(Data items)
--

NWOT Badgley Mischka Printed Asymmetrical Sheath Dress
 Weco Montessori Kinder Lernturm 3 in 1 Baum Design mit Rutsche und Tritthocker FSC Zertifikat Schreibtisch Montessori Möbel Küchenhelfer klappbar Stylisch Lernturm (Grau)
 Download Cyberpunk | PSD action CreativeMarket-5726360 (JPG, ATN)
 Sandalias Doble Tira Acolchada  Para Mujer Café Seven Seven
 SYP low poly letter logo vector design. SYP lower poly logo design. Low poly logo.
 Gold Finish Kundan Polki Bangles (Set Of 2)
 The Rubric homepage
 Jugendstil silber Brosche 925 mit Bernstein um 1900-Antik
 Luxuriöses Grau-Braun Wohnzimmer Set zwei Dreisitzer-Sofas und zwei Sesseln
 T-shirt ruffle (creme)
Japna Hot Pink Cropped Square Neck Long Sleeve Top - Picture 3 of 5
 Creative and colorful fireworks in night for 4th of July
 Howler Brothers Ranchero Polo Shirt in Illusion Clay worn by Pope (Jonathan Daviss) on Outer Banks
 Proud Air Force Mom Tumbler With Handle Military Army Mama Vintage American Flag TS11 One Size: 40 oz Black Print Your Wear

--

Count all lines of the data that include "Grau". The answer is the number alone.

Exercise response =>
2